Indeed this year has been the first time a women minister has been called from her first charge to another congregation. As one minister put it, “the first time women have left their ‘starter church’ for a larger congregation”. Suddenly, three have moved this year.

The denomination’s Board of Christian Training recognised in its report that
Concern had been raised as to the low numbers of women applying for ordained ministry. The Committee agreed that promotional material aimed at potential applicants should clearly stress that both men and women are eligible for ordination on an equal basis.

However, this concern was not translated into a resolution. Could it have been proposed that ministers and elders encourage all their members, regardless of gender, to explore their sense of calling to preaching courses and ministry? Perhaps that would have been deemed foolish given the breadth of attitudes towards women’s ministry that continue to be held by members, elders and ministers of the denomination.

For the first time ever this, the main speaker at the Youth Night event at the end of General Assembly is a woman. Gender aside, Jude Hill will be an exceptional speaker.



It was telling that the first mention of the fortieth anniversary of women being allowed to be ordained was finally made by two women. Otherwise, it seems unlikely it would have been mentioned at the assembly.



Two ministers made an unexpected intervention as they jointly delivered a short and dignified speech following the Board of Christian Training report. Revs Patricia McBride and Katherine Meyer read out the names of a sample of the congregations across Ireland that have “had the courage of their discernment” to call women ministers and employ assistant ministers over the last forty years.
We look forward to the continuing work of the Holy Spirit in transforming the church we serve, a church reformed and always in need of reformation.

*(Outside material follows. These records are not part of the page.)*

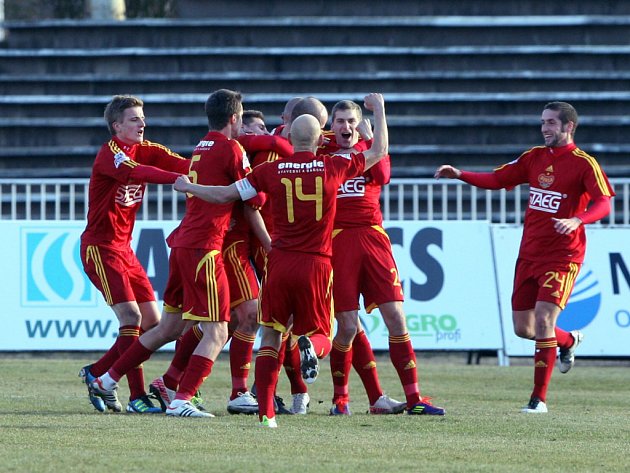 I. fotbalová Gambrinus liga: FC Hradec Králové - FK Dukla Praha.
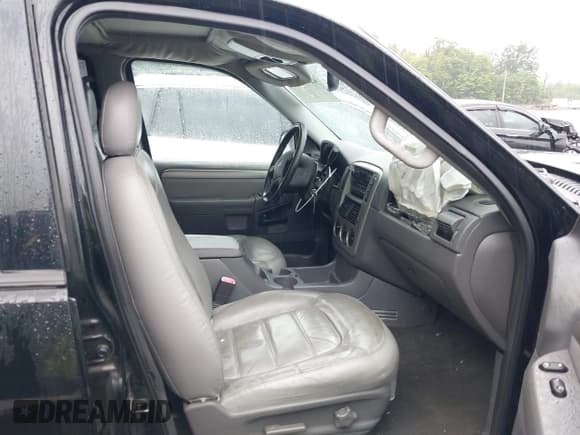 ✅ 2005 Ford Explorer XLT • VIN: 1FMDU73E65UA51729 • Лот: 42242899. Опубликован ранее на IAAI с пробегом 202 084 миль. Бесплатный доступ к архиву аукционных продаж из США и подробный отчёт об истории автомобиля на DreamBid. Изображение 5.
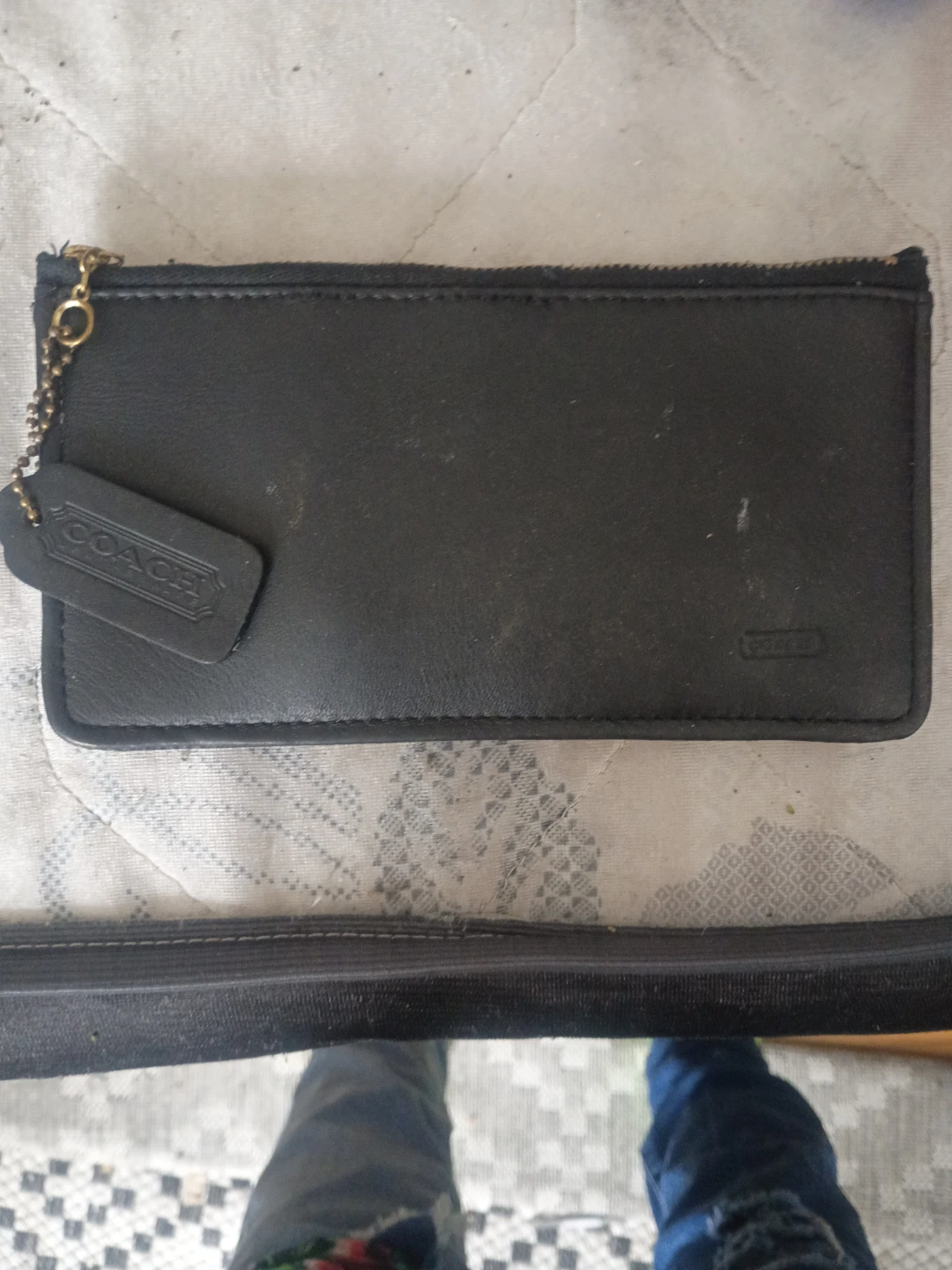 ⚽Black Leather Coach Wristlet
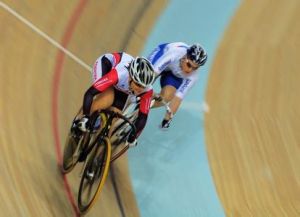 緊追不捨 緊追不捨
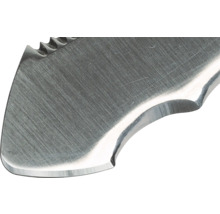 Detailaufnahme der Klinge eines Messers mit gezahnter Oberseite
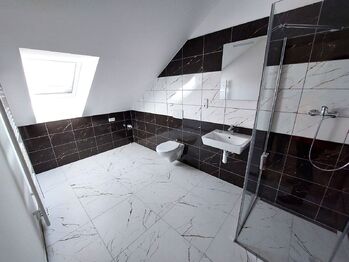 Pronájem bytu 3+kk v osobním vlastnictví 96 m², Komořany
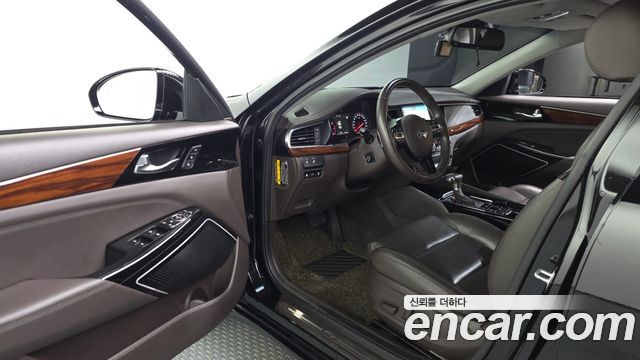 Kia K7 2017 — photo 13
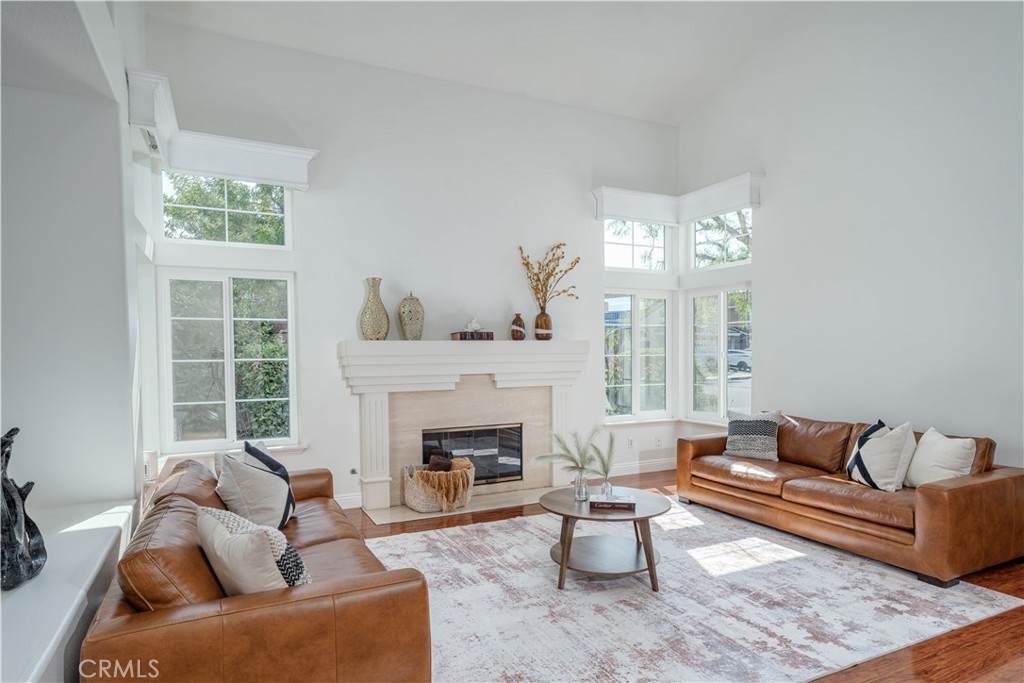 9574 Tivoli - Photo 1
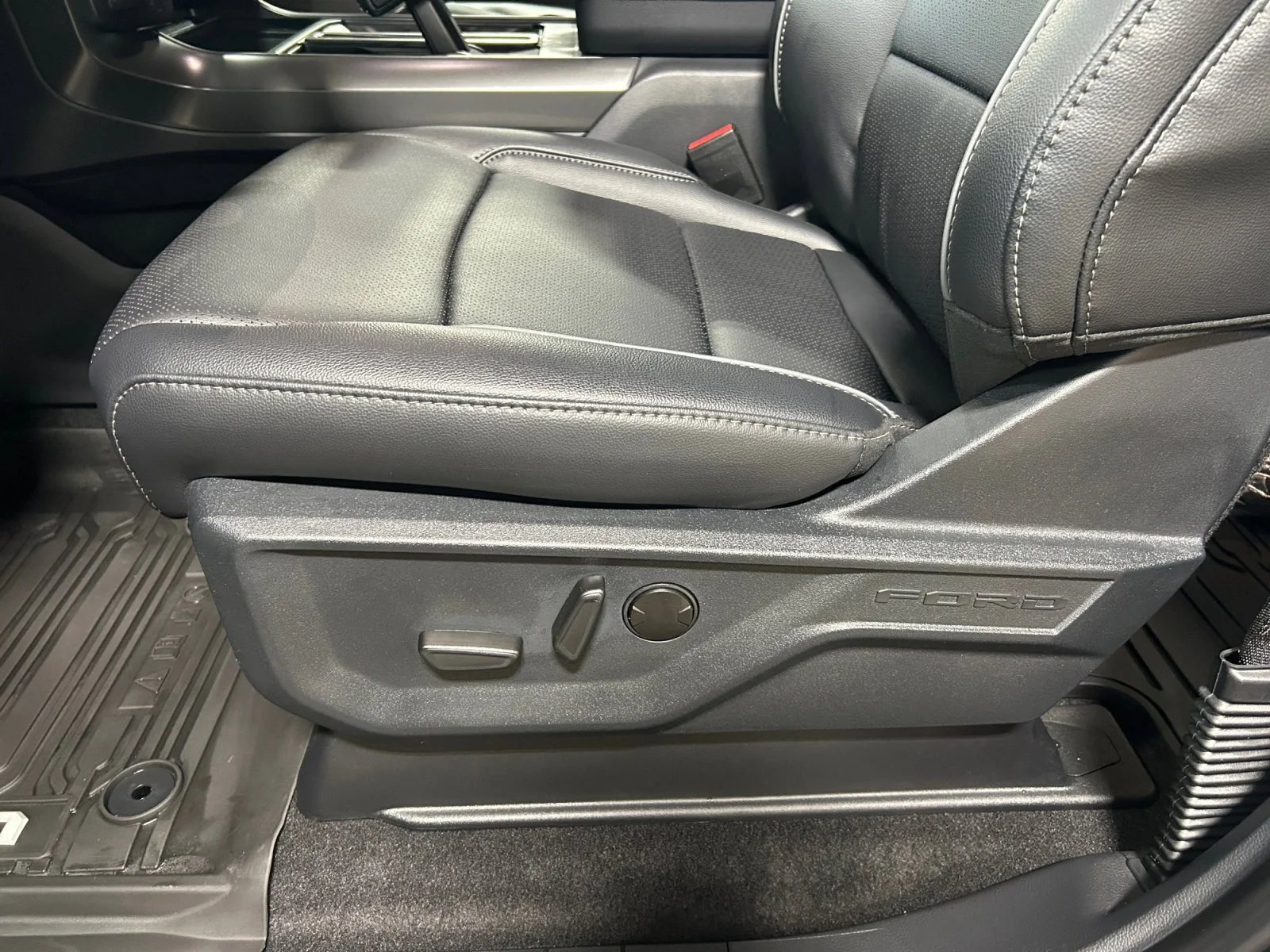 New 2026 Avalanche Ford Lariat image 15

And we look forward to celebrating the fiftieth anniversary with great joy and in great style!




On the final morning, another unexpected intervention as the convenor of the Board of Finance and Personnel John Hunter – an elder – finished his verbal report by referencing the gender imbalance of his own board. He spoke of the “failure” of the denomination to “mobilise all the talents in our church”. He also wondered whether there would be a female moderator in the next ten years.
Moderator, before turning to my final remarks I’d like to speak briefly on the transformational theme from the perspective of the Board of Finance and Personnel. A transformational church has to have the courage and capacity to affect change and this requires governance structures that are fit for purpose. But it also requires us to mobilise all the talents in our church. And I believe, Moderator, we’re patently failing in this regard.

I illustrate it with an example from the last meeting of the board. Of the around forty people present, only one was a woman, and she was Laura Kelly our personnel officer.

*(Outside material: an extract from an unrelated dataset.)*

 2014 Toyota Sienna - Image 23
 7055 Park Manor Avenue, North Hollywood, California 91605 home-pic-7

I can report that the Nominations Committee has sought to address this deficit in the thirty eight person membership of the new board. And I look forward to welcoming Mrs Barron to her first meeting. She however is the only female nominee within the new committee.

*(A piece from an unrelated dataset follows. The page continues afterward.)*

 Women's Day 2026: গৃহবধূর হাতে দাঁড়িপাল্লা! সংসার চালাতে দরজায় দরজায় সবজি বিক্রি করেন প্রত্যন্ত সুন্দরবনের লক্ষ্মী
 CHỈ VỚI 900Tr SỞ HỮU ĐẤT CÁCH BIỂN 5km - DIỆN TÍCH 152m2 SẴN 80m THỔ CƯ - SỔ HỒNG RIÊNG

Moderator, I suggest that the most visible sign of a transformed church might lie in more female engagement and indeed in leadership. Would it be heretical, moderator, even to suggest that in time there should be a female moderator? Perhaps before the fiftieth anniversary of the agreement of this house to ordain women.

Throughout the week, I asked a number of women minister about their journeys into ministry and what might encourage more women to come forward as candidates. Here’s a selection of their comments:

While it’s a rule and we’ve encapsulated it into church law, there is an ethos in the denomination that hasn’t been very encouraging to women going ahead in leadership and specifically toward ordination.

I consider that I’m a woman who is in ministry. I’m a team player, men and women together. I just happen to know that God’s called me into this role and I work together with the other men and women in the congregation.

I was seventeen when he called me into the ordained ministry. I’ve just gone on in faith through that. I spent a long time with my New Testament professor making sure what I felt was Biblical and having done that there was no looking back.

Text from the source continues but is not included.